▸ To do
Pick every line out of the entries below that has the string "Luxury", and copy it.

▸ Supplied records
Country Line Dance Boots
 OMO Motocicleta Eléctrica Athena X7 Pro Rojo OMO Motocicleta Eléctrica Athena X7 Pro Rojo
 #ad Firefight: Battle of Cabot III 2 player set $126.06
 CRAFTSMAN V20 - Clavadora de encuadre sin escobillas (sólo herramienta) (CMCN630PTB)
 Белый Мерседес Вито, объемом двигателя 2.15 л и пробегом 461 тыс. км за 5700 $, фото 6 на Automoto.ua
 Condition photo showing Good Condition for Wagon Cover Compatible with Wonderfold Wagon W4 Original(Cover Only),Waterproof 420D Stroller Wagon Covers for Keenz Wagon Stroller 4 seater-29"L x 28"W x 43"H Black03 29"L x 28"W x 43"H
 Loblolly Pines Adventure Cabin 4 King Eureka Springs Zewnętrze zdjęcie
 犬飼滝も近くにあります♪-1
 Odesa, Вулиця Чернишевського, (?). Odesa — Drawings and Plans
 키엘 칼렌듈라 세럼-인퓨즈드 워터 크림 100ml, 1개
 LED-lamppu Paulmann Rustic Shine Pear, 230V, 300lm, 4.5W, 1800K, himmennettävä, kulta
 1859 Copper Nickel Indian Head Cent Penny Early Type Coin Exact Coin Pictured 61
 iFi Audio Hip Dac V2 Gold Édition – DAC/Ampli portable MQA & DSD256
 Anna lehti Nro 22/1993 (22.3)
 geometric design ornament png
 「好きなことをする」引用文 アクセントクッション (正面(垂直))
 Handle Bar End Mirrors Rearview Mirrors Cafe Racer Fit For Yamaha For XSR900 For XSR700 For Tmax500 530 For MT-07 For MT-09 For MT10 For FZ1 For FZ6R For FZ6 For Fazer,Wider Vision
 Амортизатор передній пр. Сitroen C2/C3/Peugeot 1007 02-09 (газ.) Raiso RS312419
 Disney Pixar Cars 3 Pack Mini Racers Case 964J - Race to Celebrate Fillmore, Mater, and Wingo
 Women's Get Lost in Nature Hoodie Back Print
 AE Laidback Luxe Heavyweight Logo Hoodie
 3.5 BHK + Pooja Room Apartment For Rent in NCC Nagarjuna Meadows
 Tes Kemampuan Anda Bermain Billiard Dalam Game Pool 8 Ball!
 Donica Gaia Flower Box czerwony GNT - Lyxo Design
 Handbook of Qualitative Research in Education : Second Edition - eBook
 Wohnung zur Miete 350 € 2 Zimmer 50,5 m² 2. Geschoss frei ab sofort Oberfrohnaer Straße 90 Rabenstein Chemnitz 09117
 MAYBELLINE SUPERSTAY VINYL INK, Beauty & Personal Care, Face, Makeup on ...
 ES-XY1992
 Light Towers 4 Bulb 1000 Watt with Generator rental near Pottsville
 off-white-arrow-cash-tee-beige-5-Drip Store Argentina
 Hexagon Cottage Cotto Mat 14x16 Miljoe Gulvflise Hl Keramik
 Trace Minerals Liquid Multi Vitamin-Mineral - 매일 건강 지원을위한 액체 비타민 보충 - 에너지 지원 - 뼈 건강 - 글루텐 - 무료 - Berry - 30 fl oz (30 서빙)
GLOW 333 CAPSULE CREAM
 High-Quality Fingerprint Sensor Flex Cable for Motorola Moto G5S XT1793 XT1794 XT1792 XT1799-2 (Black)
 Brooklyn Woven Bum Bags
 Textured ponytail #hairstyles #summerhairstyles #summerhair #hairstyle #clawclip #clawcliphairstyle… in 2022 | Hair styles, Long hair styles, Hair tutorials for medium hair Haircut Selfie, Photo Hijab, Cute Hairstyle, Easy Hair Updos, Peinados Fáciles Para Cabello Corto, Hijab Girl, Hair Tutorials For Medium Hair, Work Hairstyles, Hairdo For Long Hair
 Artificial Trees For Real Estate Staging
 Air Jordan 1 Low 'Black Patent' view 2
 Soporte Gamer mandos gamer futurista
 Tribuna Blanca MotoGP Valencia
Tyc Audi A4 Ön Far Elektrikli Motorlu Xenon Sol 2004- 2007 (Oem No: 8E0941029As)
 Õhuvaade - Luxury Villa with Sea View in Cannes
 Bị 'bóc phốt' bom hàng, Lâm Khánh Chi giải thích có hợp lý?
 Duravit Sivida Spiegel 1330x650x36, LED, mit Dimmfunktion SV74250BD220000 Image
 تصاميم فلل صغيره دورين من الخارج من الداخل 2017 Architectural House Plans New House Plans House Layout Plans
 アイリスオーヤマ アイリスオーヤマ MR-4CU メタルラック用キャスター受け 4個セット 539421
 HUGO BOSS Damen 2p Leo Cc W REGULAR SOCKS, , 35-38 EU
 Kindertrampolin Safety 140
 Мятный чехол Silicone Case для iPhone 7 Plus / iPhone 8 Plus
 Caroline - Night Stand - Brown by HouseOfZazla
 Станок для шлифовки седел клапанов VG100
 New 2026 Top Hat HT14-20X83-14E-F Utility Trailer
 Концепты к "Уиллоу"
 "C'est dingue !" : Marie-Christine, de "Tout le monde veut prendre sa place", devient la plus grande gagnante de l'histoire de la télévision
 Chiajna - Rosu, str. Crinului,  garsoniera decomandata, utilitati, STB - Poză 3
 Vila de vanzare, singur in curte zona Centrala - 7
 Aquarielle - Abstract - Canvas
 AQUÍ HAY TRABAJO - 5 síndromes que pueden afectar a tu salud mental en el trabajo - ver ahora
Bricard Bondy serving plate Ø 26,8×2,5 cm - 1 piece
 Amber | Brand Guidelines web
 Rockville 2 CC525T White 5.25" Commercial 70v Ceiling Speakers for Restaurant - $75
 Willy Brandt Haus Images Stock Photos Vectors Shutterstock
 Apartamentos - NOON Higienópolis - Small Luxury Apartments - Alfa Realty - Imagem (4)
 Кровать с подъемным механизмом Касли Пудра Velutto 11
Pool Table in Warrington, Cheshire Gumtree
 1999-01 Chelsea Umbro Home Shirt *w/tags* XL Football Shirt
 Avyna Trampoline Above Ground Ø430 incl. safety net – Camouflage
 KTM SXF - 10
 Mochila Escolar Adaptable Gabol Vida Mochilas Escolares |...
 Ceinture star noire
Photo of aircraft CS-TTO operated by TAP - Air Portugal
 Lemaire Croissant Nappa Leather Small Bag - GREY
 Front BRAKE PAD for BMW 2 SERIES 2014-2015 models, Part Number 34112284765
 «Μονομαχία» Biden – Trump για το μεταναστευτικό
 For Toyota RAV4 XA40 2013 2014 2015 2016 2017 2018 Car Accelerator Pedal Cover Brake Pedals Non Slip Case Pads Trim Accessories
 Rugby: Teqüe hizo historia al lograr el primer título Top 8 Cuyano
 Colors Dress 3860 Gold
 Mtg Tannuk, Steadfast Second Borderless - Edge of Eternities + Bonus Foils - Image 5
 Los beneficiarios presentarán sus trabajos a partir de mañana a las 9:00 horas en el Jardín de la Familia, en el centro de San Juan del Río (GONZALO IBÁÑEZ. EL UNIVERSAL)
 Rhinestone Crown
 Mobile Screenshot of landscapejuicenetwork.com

▸ Answer box
 Õhuvaade - Luxury Villa with Sea View in Cannes
 Apartamentos - NOON Higienópolis - Small Luxury Apartments - Alfa Realty - Imagem (4)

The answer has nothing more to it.